It should be noted that the first annular grate 21 and the second annular grate 22 are mounted at different heights on the central rotating shaft 31, and the width of the scraping blade 24 is smaller than the width of the first annular grate 21/the second annular grate 22; in the later stage of garbage pyrolysis, the scraping blade 24 on the first annular grate 21 is positioned between the two second annular grates 22, and the first annular grate 21 and the second annular grate 22 are alternately rotated to drive the scraping blade 24 on the first annular grate 21 and the side wall of the second annular grate to generate shearing force, so that slag clusters can be broken, the incompletely pyrolyzed garbage clusters can be broken, and smooth ash discharging operation can be ensured.

Example 3

Referring to fig. 4 to 6, in the present embodiment, the pyrolysis furnace includes at least two first annular grates 21 and two second annular grates 22, wherein one of the first annular grates 21 is fixedly mounted on the central rotating shaft 31; further comprises: the annular supporting tables 41 and the annular mounting tables 42, the three annular supporting tables 41 are rotatably mounted on the annular mounting tables 42, and the three annular supporting tables 41 are fixedly connected with one first annular fire grate 21 and two second annular fire grates 22 respectively; an annular lifting platform 43 installed under the annular supporting table 41 in a liftable manner; a plurality of push rods 44 are arranged below the second annular fire grate 22 and vertically arranged on the annular lifting platform 43.

In the present embodiment, the annular lifting platform 43 can make lifting/lowering movement along a straight line to drive the ejector rod 44 to jack/lower the second annular grate 22; the installation heights of the first annular fire grate 21 and the second annular fire grate 22 can be switched, the first annular fire grate 21 and the second annular fire grate 22 can be arranged on the same installation height, garbage can be tiled in the initial stage of garbage pyrolysis, and the heating effect in the initial stage of garbage pyrolysis is ensured; the first annular fire grate 21 and the second annular fire grate 22 can be cut and arranged at different mounting heights, so that the slag scraping and slag discharging work in the middle and later stages of garbage pyrolysis can be satisfied.

Specifically, the pyrolysis furnace further comprises: a plurality of balls 421 which are embedded and mounted on the annular mounting table 42 in a rolling manner and are used for being in rolling contact with the annular supporting table 41, so that the annular supporting table 41 rotates on the annular mounting table 42; the annular guide ribs 422 are fixedly arranged on the annular mounting table 42, can be intermittently matched with the annular supporting table 41 for mounting, and are used for guiding the annular supporting table 41 to rotate on the annular mounting table 42.

It should be noted that a bearing 441 for rotatably contacting with the annular supporting table 41 is further installed at the end of the ejector rod 44; a hydraulic cylinder 47 is installed between the annular lift platform 43 and the ground, and the annular lift platform 43 is driven to move up and down by lifting a piston rod 621 of the hydraulic cylinder 47.

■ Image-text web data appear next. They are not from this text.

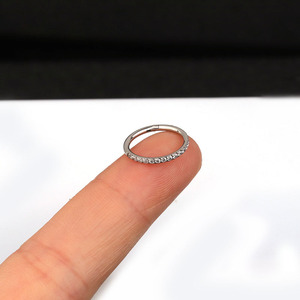 YW Nuovo 316L In Acciaio Inox Zircone Prong Cz Huggie Del Cerchio Degli Incernierato Segmento Cartilagine Trago Orbitale Conchiglia Helix <span class=keywords><strong>Piercing</strong></span> cerchi - Product Image 4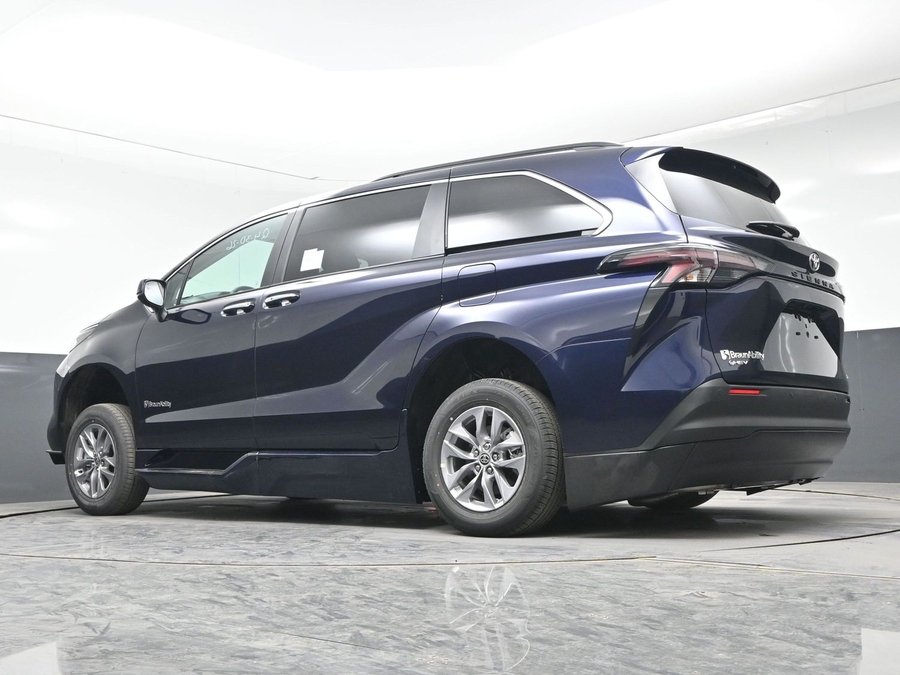 New 2026 Toyota Sienna Hybrid XLE Add - BraunAbility Side Entry Entry In Floor Automatic Ramp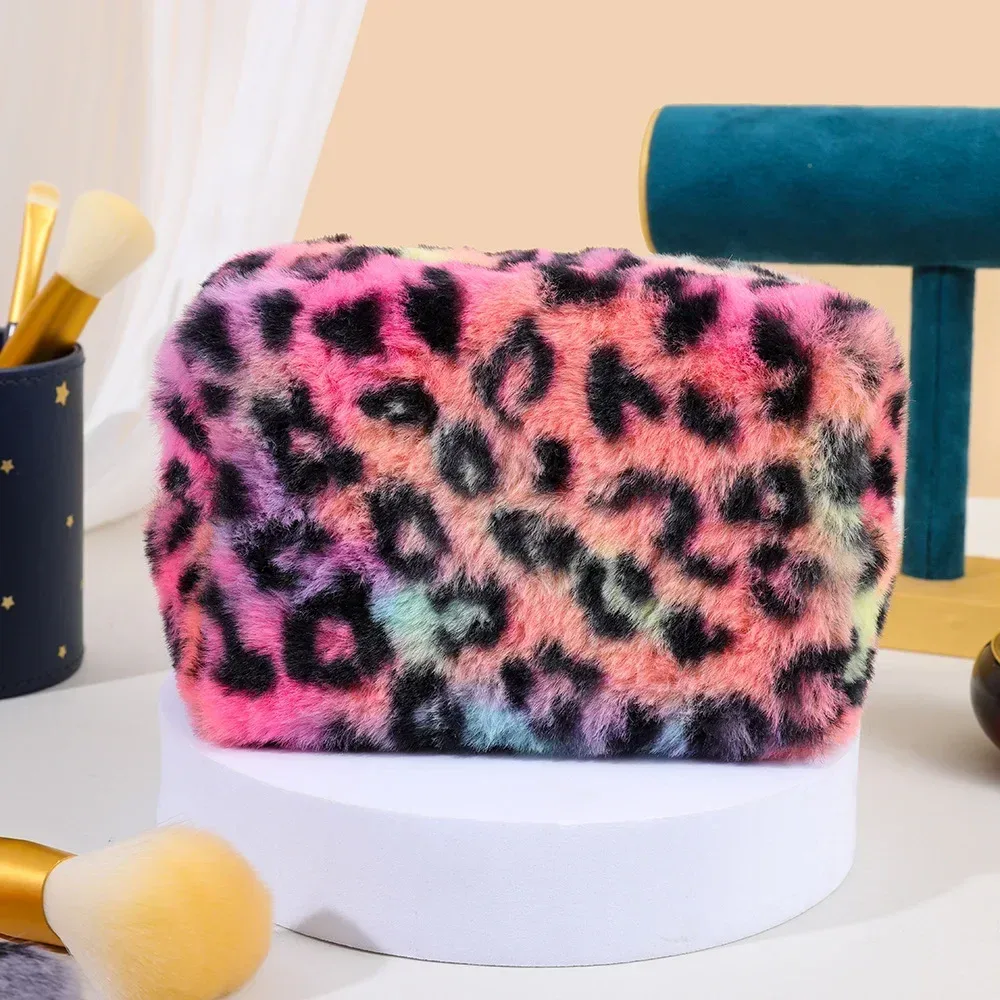 sacs de maquillage en peluche léopard pour femmes, sac à cosmétiques de voyage souple, étui de rangement pour dames et filles, étui de maquillage, sacs à main nécessaires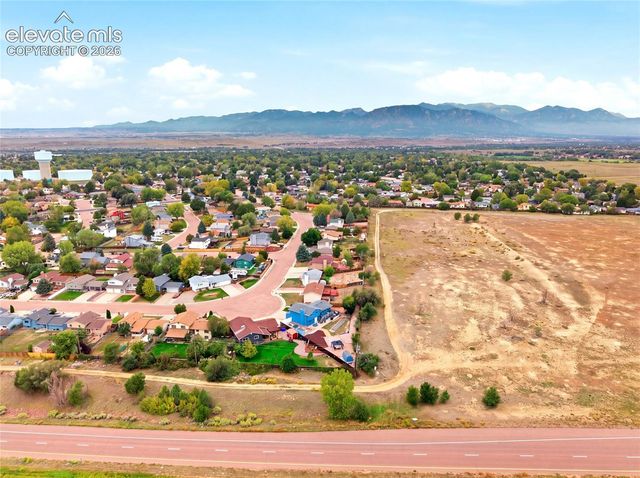 6735 Blue River Way, Colorado Springs, CO 80911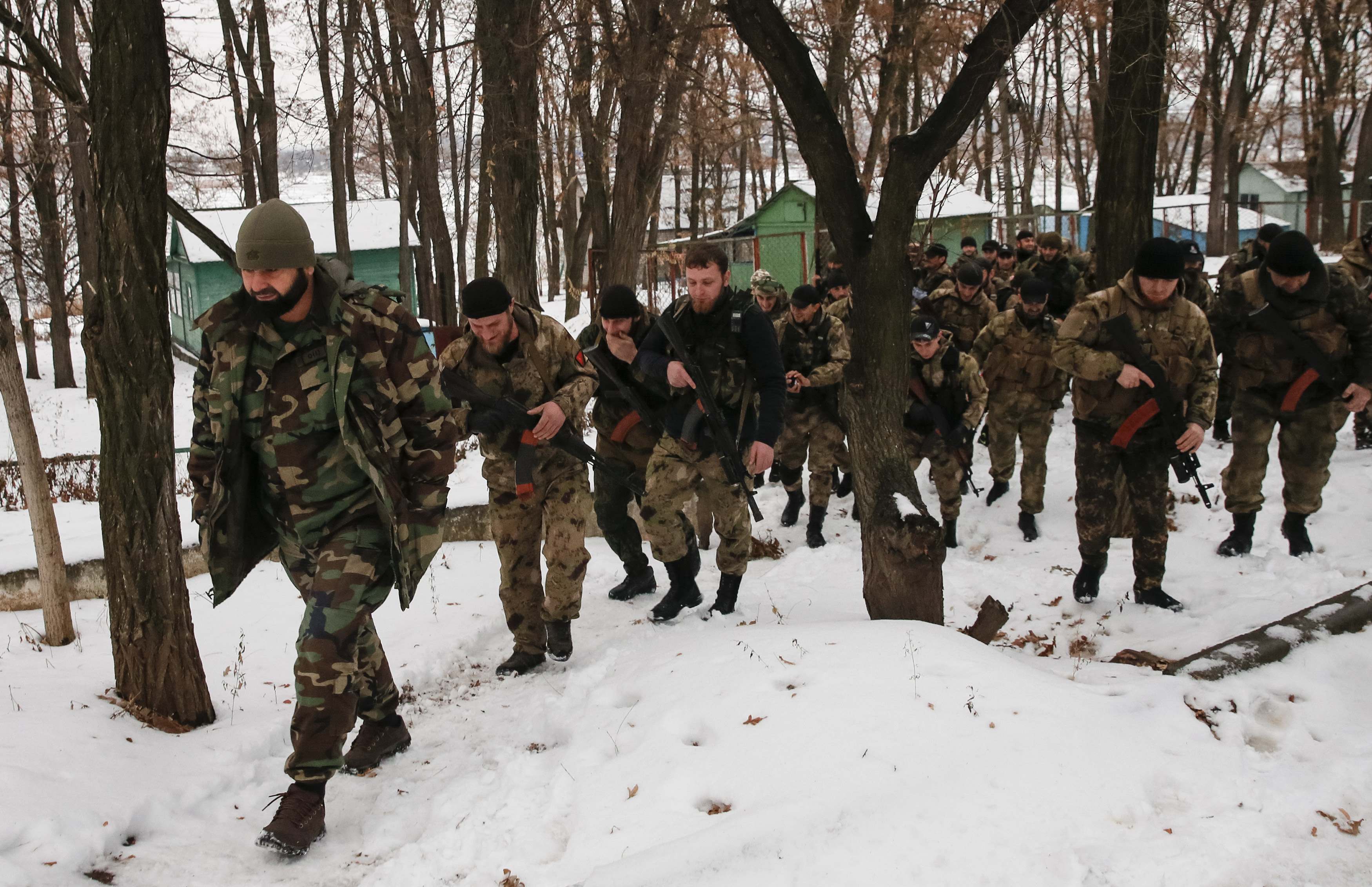 Вооруженные формирования. Незаконные военные формирования. Вооруженные боевики в Чечне. Незаконные вооруженные формирования в Чечне.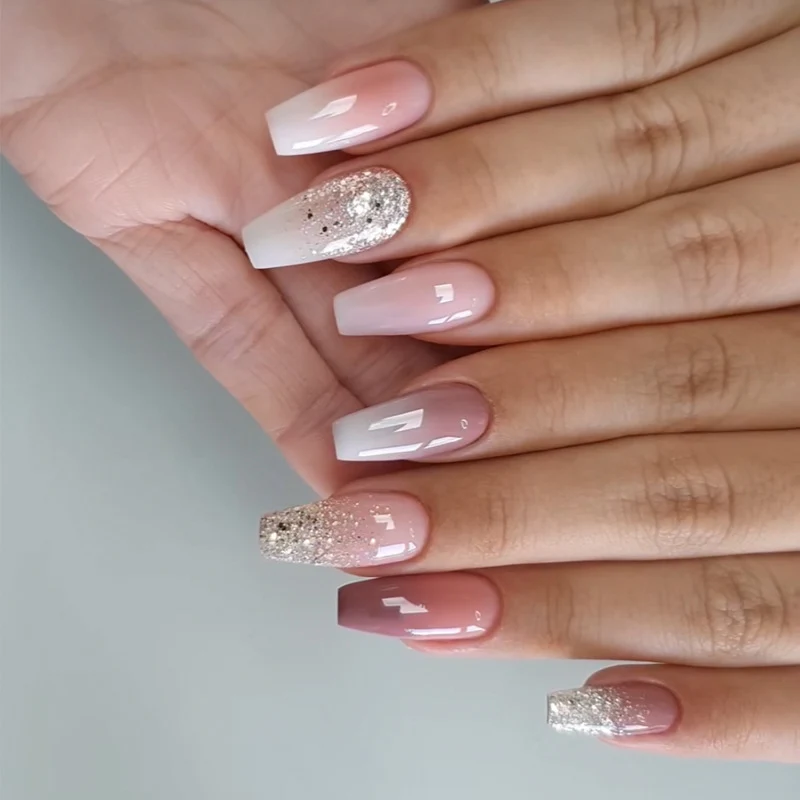 Elegante Stiletto Press-On Nagelkunst mit Strass-Akzenten Karnz
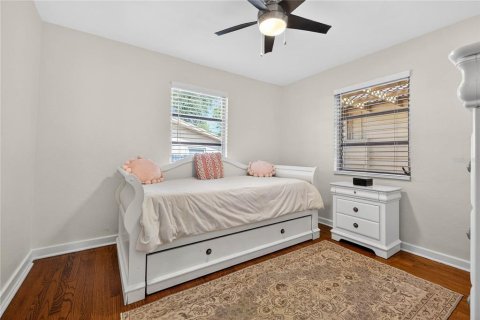 Villa ou maison à louer à Gulfport, Floride: 2 chambres, 102.94 m2 № 2155931 - photo 21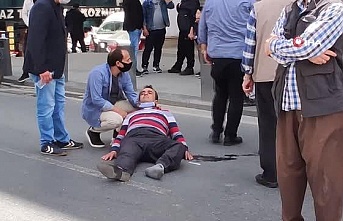 Sultangazi'de yolun karşısına geçmeye çalışan vatandaşa motosiklet çarptı.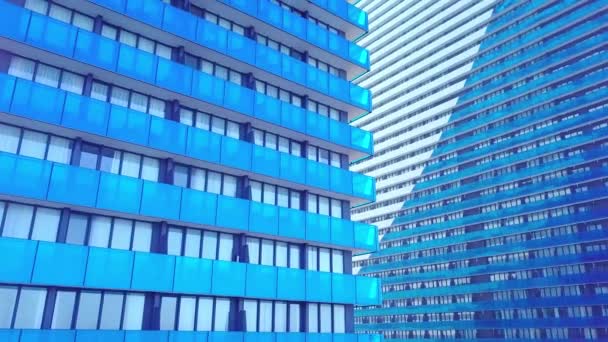 Fasada nowoczesnego, lustrzanego budynku biurowego została usunięta z drona. zbliżenie - Materiał filmowy, wideo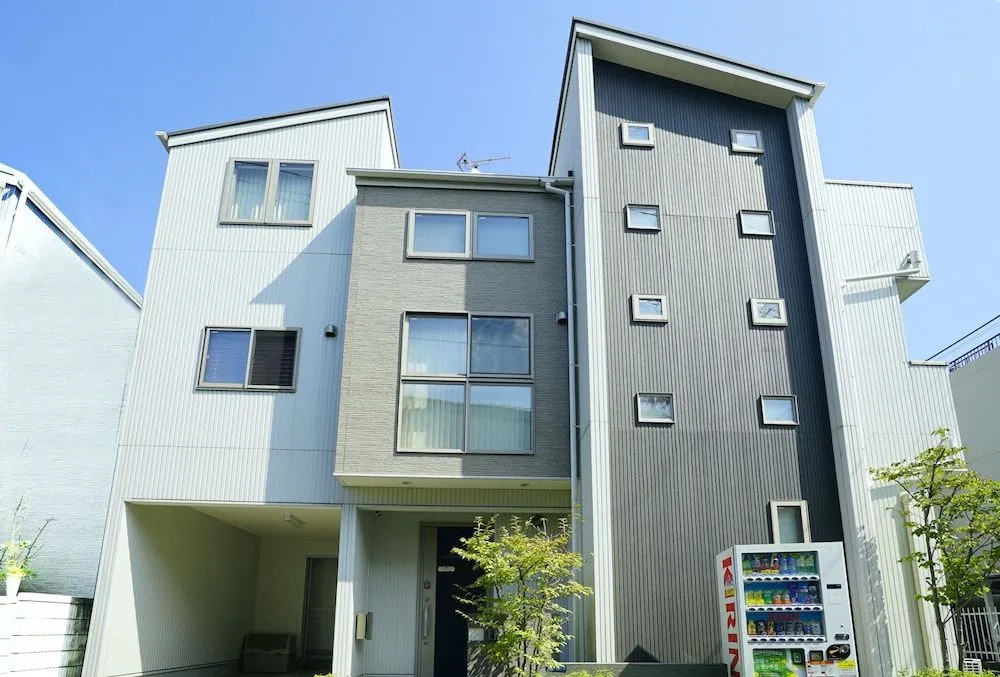 SKYTREE HOUSE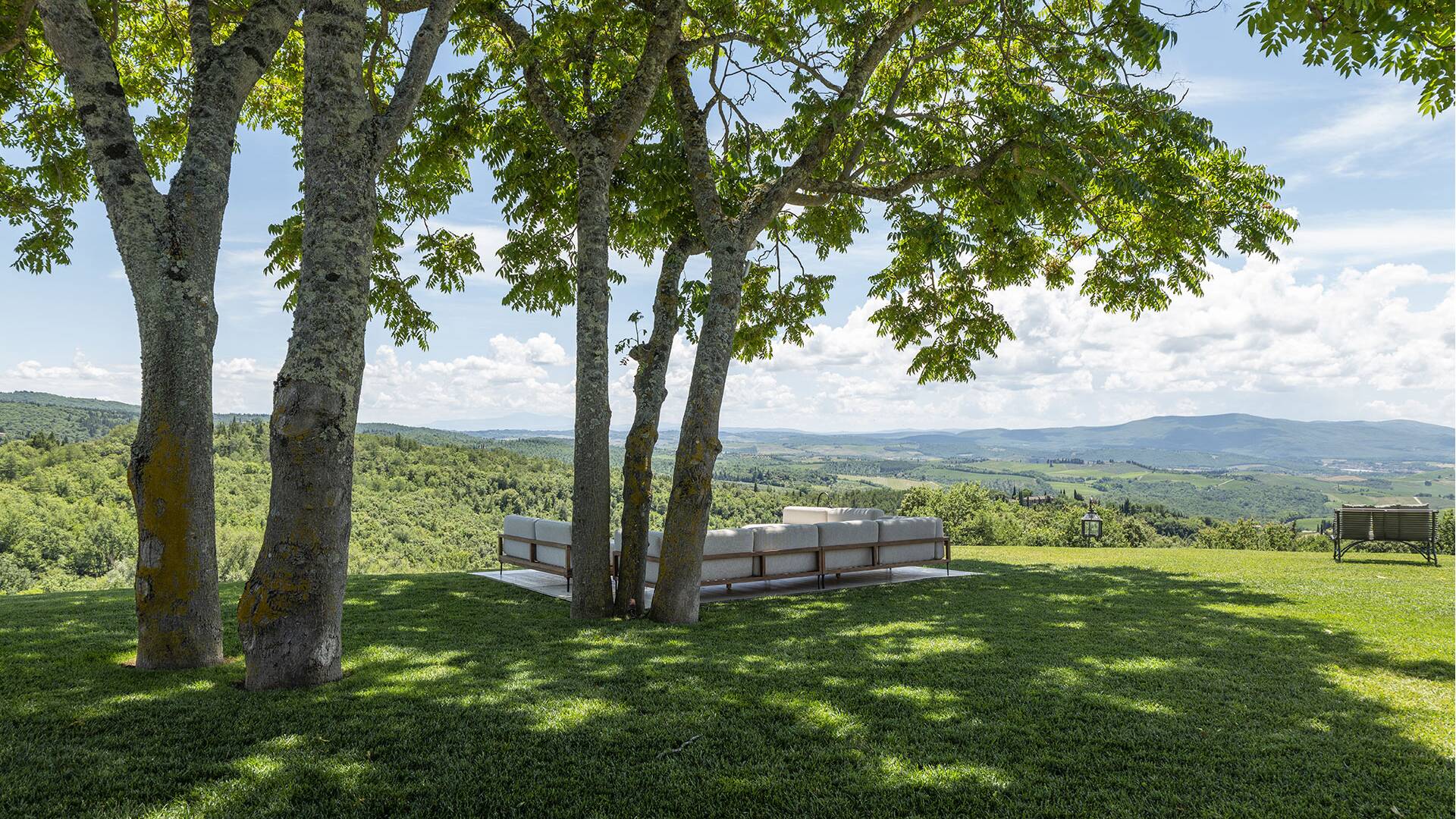 bacca nera luxury villa for rent in tuscany 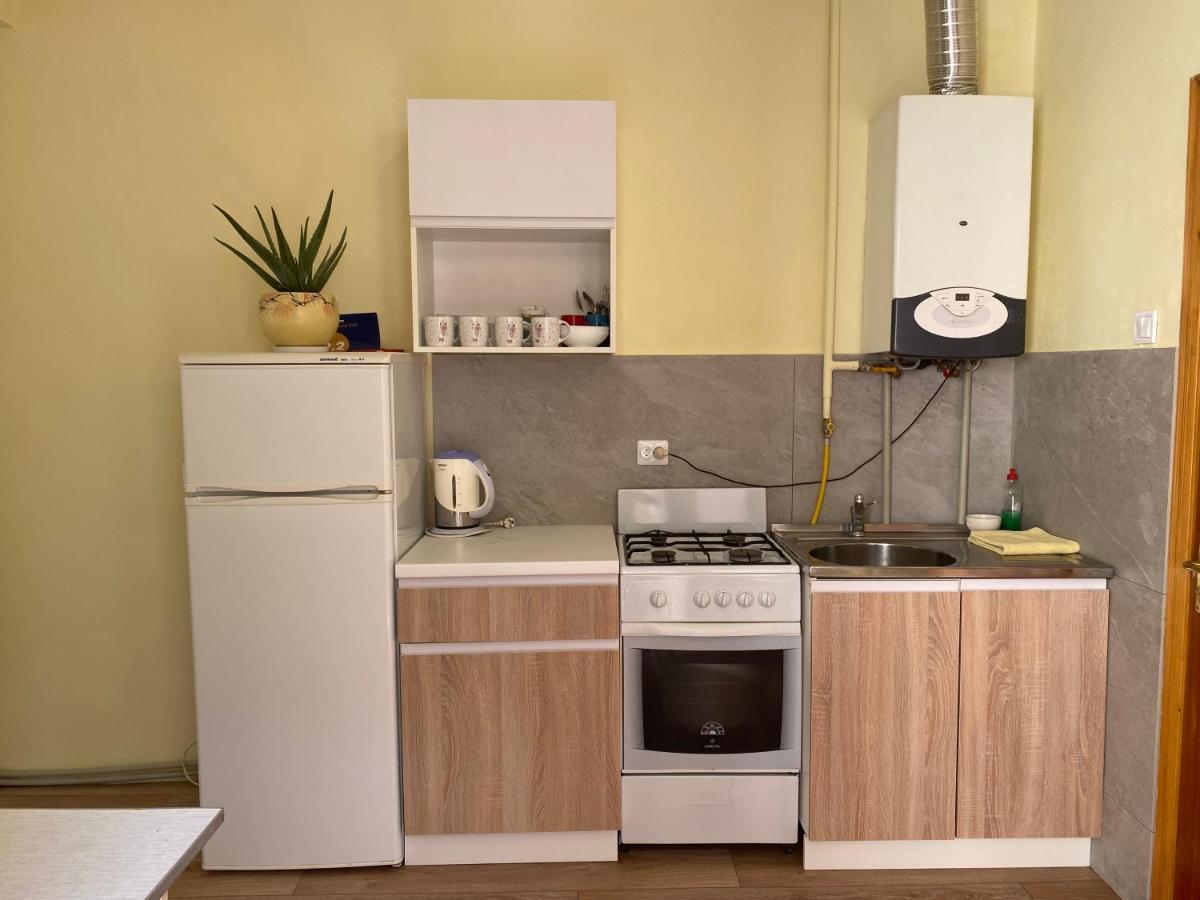 Den Apart On Rynok Square Lwów Zewnętrze zdjęcie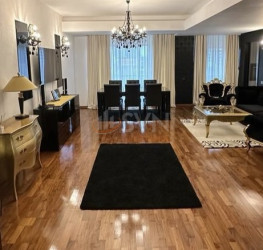 Apartament, 3 rooms with underground parking included Bucuresti/Herastrau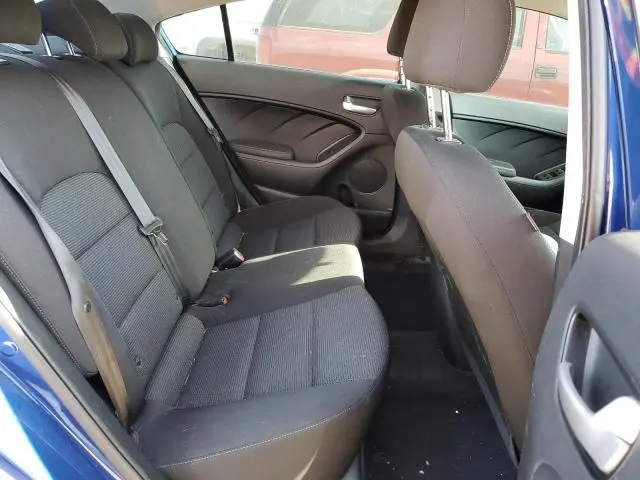 2017 KIA FORTE LX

The device also comprises a plurality of annular racks 45 which are respectively arranged on the first annular fire grate 21 and the second annular fire grates 22; the driving gear is meshed with the annular rack 45. Further comprises: a first driving gear 461 for driving the first endless grate 21 to rotate and a second driving gear 462 for driving the second endless grate 22 to rotate.

It will be appreciated that the first drive gear 461 is fixedly mounted on the output shaft of the first drive motor 32; the second driving gear 462 is fixedly installed on the output shaft of the second driving motor 33, and the first annular grate 21 and the second annular grate 22 can be driven to rotate by rotating the output shafts of the first driving motor 32 and the second driving motor 33.

Of course, the length of the second driving gear 462 extends along the length of the carrier rod 44 to meet the driving requirement of the second endless grate 22 after being lifted.

It is worth mentioning that a number of conical baffles 7 for guiding ash drop are also mounted on the annular support table 41 and between the circular grate assembly.

Referring to fig. 7 to 10, the pyrolysis furnace further includes: a feeding port 12 which is arranged at the end part of the furnace body 1 along the radial direction of the furnace body 1; a first conveyor belt 51 for conveying garbage; a refining drum 53 rotatably mounted at one end of the first conveyor belt 51; a feed inlet 531, which is arranged on the refining roller 53 along the axial direction of the refining roller 53 and is used for receiving garbage; the third driving motor 54 is in transmission connection with the refining roller 53 (in the embodiment, through gear transmission connection), and can drive the refining roller 53 to do reciprocating rotation movement with a fixed amplitude, so as to level the garbage in the refining roller 53; a discharge port 532, which is provided on the refining drum 53 along the axial direction of the refining drum 53, for outputting garbage; the second conveying belt 52 is disposed below the discharge hole 532, and is configured to receive the garbage output from the refining drum 53 and convey the garbage to the feed hole 531, and the width of the second conveying belt 52 is equal to the radius of the pyrolysis chamber 11.

Be provided with the shutoff subassembly in the below of discharge gate 532, the shutoff subassembly includes: the two plugging blocks 61 and the telescopic part 62 are slidably installed below the discharge hole 532, and the piston rod 621 of the telescopic part 62 can make opposite/opposite linear sliding movement of the plugging blocks 61 to plug/open the discharge hole 532.

When the garbage leveling device is particularly used, the first conveying belt 51 is used for feeding materials into the refining roller 53 in a staged manner, and the output shaft of the third driving motor 54 is used for driving the refining roller 53 to do reciprocating rotation motion with a fixed amplitude so as to level garbage in the refining roller 53; the piston rod 621 of the telescopic component 62 is driven to make contraction movement to drive the plugging block 61 to make a separated linear sliding movement so as to open the discharge hole 532; the width of the discharge hole 532 is gradually reduced along the radial direction of the refining roller 53, and the garbage in the refining roller 53 uniformly falls down and is flatly paved on the second conveying belt 52 under the action of gravity; the second conveyor belt 52 continues to transport and feed the pyrolysis chamber 11.

It will be appreciated that the feeding opening 12 is formed along the radial direction of the furnace body 1, and the circular fire grate assembly at the bottom of the furnace body 1 performs a rotational motion, so that the garbage falling from the second conveying belt 52 can be laid on the circular fire grate assembly.

In the embodiment, the garbage to be pyrolyzed can be tiled on the circular grate assembly by arranging the refining roller 53 and the second conveying belt 52 between the first conveying belt 51 and the furnace body 1, so that the height uniformity of the garbage in the radial direction of the circular grate assembly is ensured, and the temperature rising uniformity in the initial stage of garbage pyrolysis is effectively ensured. The defect that in the prior art, garbage is directly dumped into the pyrolysis chamber 11 to cause uneven height of the garbage is eliminated.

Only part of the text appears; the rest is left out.